====== THE DATA
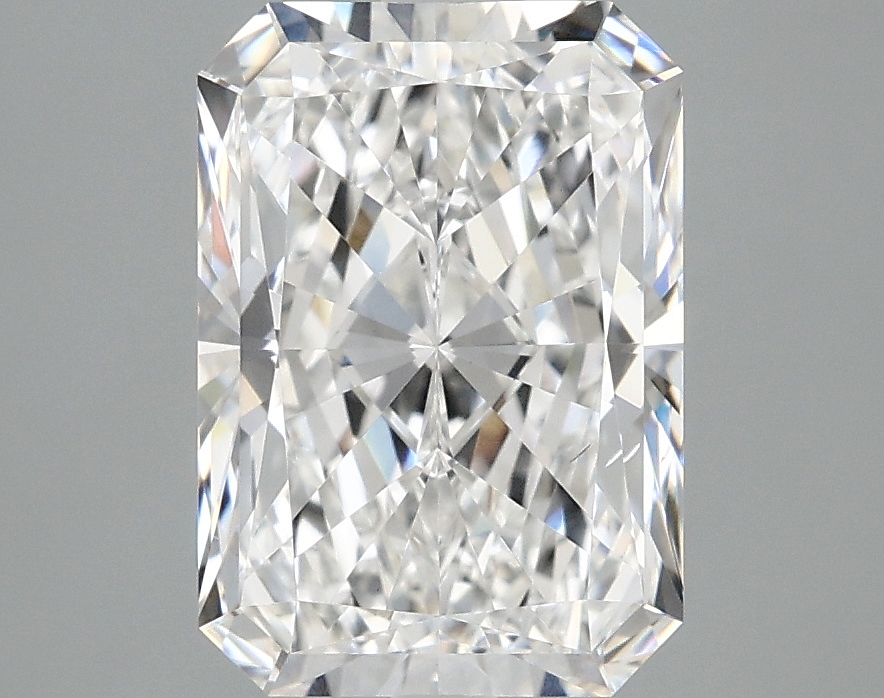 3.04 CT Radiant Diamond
============
====== THE DATA
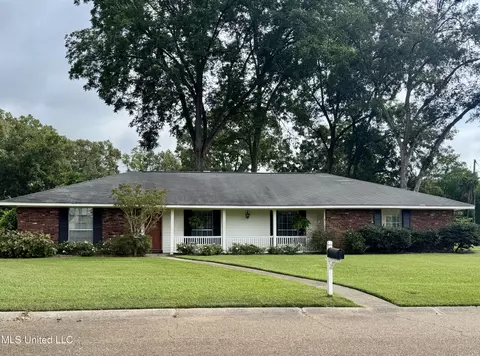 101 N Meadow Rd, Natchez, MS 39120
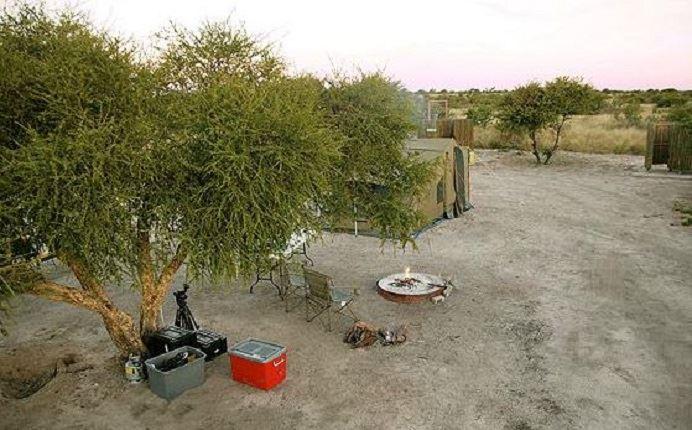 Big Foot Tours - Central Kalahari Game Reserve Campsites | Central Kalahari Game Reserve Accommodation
============
• WORK TO BE COMPLETED: Please output the lines above beginning at the line with "101 N Meadow Rd, Natchez, MS 39120" and ending after the line with "Big Foot Tours", precisely as written and with no pictures.

• PROBLEM SOLUTION:
 101 N Meadow Rd, Natchez, MS 39120
 Big Foot Tours - Central Kalahari Game Reserve Campsites | Central Kalahari Game Reserve Accommodation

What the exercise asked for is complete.